* Entries provided:

• • •

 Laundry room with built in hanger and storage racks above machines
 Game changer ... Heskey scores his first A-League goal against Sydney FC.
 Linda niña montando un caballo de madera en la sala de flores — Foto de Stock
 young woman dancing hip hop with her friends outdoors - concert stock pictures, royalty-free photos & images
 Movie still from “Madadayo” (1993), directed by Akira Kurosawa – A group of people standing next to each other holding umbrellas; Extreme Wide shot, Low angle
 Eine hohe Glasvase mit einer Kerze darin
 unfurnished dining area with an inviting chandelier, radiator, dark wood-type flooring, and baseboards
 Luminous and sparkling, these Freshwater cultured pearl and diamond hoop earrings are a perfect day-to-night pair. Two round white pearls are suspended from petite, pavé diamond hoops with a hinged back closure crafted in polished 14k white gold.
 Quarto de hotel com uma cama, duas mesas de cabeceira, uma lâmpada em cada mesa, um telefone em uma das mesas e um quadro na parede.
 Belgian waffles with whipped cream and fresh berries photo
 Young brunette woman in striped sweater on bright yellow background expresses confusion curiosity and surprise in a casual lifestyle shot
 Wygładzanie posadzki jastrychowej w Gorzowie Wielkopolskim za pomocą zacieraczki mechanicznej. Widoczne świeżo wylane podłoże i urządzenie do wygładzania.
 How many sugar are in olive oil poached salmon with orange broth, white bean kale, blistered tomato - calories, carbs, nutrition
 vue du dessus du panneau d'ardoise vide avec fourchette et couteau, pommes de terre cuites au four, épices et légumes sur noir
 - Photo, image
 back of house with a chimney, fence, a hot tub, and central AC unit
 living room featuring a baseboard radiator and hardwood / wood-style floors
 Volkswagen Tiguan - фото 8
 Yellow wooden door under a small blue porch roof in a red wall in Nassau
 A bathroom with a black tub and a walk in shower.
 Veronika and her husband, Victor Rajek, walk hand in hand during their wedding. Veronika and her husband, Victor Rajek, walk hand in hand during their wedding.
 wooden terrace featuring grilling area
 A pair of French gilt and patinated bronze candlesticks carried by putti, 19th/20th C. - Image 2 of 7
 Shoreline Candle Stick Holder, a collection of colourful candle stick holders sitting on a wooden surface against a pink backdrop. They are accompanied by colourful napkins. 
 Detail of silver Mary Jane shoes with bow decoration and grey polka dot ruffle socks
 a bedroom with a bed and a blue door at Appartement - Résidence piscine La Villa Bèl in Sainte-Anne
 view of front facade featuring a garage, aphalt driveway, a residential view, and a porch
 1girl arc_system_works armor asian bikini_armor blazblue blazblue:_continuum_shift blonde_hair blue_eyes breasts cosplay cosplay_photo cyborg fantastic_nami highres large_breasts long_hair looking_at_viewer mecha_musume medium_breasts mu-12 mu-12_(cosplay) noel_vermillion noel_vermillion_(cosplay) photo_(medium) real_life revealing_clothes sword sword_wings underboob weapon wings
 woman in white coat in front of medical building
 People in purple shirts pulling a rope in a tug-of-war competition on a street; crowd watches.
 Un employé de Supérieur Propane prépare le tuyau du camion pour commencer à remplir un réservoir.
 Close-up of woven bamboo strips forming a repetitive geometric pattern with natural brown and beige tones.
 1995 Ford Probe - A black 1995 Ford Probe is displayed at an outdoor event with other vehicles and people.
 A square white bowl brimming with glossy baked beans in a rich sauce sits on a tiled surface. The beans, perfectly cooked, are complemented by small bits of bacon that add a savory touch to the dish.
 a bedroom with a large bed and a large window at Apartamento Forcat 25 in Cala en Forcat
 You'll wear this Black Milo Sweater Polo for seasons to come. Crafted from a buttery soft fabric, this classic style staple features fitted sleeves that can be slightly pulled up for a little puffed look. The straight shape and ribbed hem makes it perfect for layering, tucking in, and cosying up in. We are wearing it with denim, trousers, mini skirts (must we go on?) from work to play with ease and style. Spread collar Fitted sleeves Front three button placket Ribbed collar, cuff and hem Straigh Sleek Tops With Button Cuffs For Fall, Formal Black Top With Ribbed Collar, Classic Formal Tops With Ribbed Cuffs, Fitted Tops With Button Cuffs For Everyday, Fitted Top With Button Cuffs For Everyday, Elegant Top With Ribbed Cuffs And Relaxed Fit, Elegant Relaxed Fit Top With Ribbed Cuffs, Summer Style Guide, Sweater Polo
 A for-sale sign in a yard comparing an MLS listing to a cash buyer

• • •

* Required action: The material must be duplicated in full, with each line kept exact.

* The completed task:
 Laundry room with built in hanger and storage racks above machines
 Game changer ... Heskey scores his first A-League goal against Sydney FC.
 Linda niña montando un caballo de madera en la sala de flores — Foto de Stock
 young woman dancing hip hop with her friends outdoors - concert stock pictures, royalty-free photos & images
 Movie still from “Madadayo” (1993), directed by Akira Kurosawa – A group of people standing next to each other holding umbrellas; Extreme Wide shot, Low angle
 Eine hohe Glasvase mit einer Kerze darin
 unfurnished dining area with an inviting chandelier, radiator, dark wood-type flooring, and baseboards
 Luminous and sparkling, these Freshwater cultured pearl and diamond hoop earrings are a perfect day-to-night pair. Two round white pearls are suspended from petite, pavé diamond hoops with a hinged back closure crafted in polished 14k white gold.
 Quarto de hotel com uma cama, duas mesas de cabeceira, uma lâmpada em cada mesa, um telefone em uma das mesas e um quadro na parede.
 Belgian waffles with whipped cream and fresh berries photo
 Young brunette woman in striped sweater on bright yellow background expresses confusion curiosity and surprise in a casual lifestyle shot
 Wygładzanie posadzki jastrychowej w Gorzowie Wielkopolskim za pomocą zacieraczki mechanicznej. Widoczne świeżo wylane podłoże i urządzenie do wygładzania.
 How many sugar are in olive oil poached salmon with orange broth, white bean kale, blistered tomato - calories, carbs, nutrition
 vue du dessus du panneau d'ardoise vide avec fourchette et couteau, pommes de terre cuites au four, épices et légumes sur noir
 - Photo, image
 back of house with a chimney, fence, a hot tub, and central AC unit
 living room featuring a baseboard radiator and hardwood / wood-style floors
 Volkswagen Tiguan - фото 8
 Yellow wooden door under a small blue porch roof in a red wall in Nassau
 A bathroom with a black tub and a walk in shower.
 Veronika and her husband, Victor Rajek, walk hand in hand during their wedding. Veronika and her husband, Victor Rajek, walk hand in hand during their wedding.
 wooden terrace featuring grilling area
 A pair of French gilt and patinated bronze candlesticks carried by putti, 19th/20th C. - Image 2 of 7
 Shoreline Candle Stick Holder, a collection of colourful candle stick holders sitting on a wooden surface against a pink backdrop. They are accompanied by colourful napkins. 
 Detail of silver Mary Jane shoes with bow decoration and grey polka dot ruffle socks
 a bedroom with a bed and a blue door at Appartement - Résidence piscine La Villa Bèl in Sainte-Anne
 view of front facade featuring a garage, aphalt driveway, a residential view, and a porch
 1girl arc_system_works armor asian bikini_armor blazblue blazblue:_continuum_shift blonde_hair blue_eyes breasts cosplay cosplay_photo cyborg fantastic_nami highres large_breasts long_hair looking_at_viewer mecha_musume medium_breasts mu-12 mu-12_(cosplay) noel_vermillion noel_vermillion_(cosplay) photo_(medium) real_life revealing_clothes sword sword_wings underboob weapon wings
 woman in white coat in front of medical building
 People in purple shirts pulling a rope in a tug-of-war competition on a street; crowd watches.
 Un employé de Supérieur Propane prépare le tuyau du camion pour commencer à remplir un réservoir.
 Close-up of woven bamboo strips forming a repetitive geometric pattern with natural brown and beige tones.
 1995 Ford Probe - A black 1995 Ford Probe is displayed at an outdoor event with other vehicles and people.
 A square white bowl brimming with glossy baked beans in a rich sauce sits on a tiled surface. The beans, perfectly cooked, are complemented by small bits of bacon that add a savory touch to the dish.
 a bedroom with a large bed and a large window at Apartamento Forcat 25 in Cala en Forcat
 You'll wear this Black Milo Sweater Polo for seasons to come. Crafted from a buttery soft fabric, this classic style staple features fitted sleeves that can be slightly pulled up for a little puffed look. The straight shape and ribbed hem makes it perfect for layering, tucking in, and cosying up in. We are wearing it with denim, trousers, mini skirts (must we go on?) from work to play with ease and style. Spread collar Fitted sleeves Front three button placket Ribbed collar, cuff and hem Straigh Sleek Tops With Button Cuffs For Fall, Formal Black Top With Ribbed Collar, Classic Formal Tops With Ribbed Cuffs, Fitted Tops With Button Cuffs For Everyday, Fitted Top With Button Cuffs For Everyday, Elegant Top With Ribbed Cuffs And Relaxed Fit, Elegant Relaxed Fit Top With Ribbed Cuffs, Summer Style Guide, Sweater Polo
 A for-sale sign in a yard comparing an MLS listing to a cash buyer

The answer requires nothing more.